Records for this task:
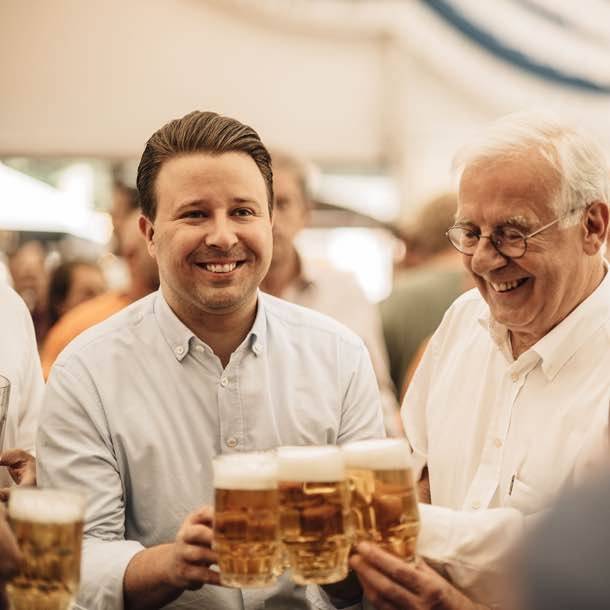 Zwei Männer stoßen mit Biergläsern in einer fröhlichen Runde an.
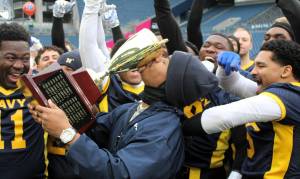 Elisha Meyer/Kitsap News Group photos
Navy coach Jason Henderson from Naval Station Everett certifies his teams 2-0 victory over Army at Lumen Field by planting a kiss of the trophy.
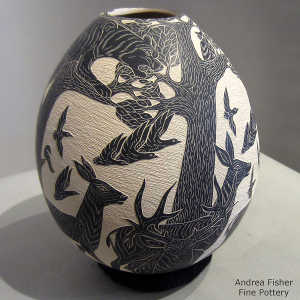Sgraffito nature and wildlife design on a black and white jar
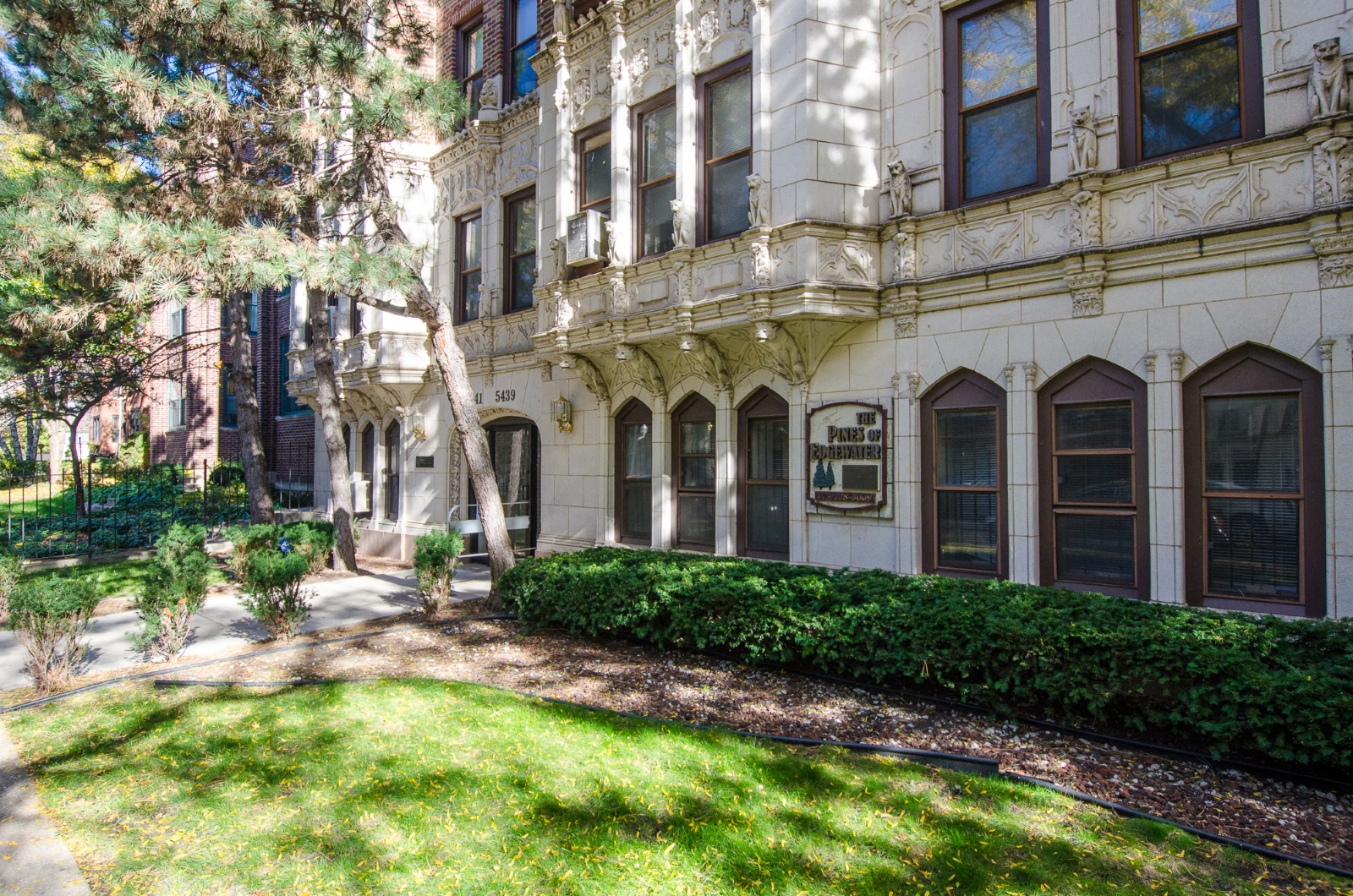 the exterior of a building with a lawn and trees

Exercise details: Make an exact copy of every record, pictures excluded.

Solution to this problem:
 Zwei Männer stoßen mit Biergläsern in einer fröhlichen Runde an.
 Elisha Meyer/Kitsap News Group photos
Navy coach Jason Henderson from Naval Station Everett certifies his teams 2-0 victory over Army at Lumen Field by planting a kiss of the trophy.
Sgraffito nature and wildlife design on a black and white jar
 the exterior of a building with a lawn and trees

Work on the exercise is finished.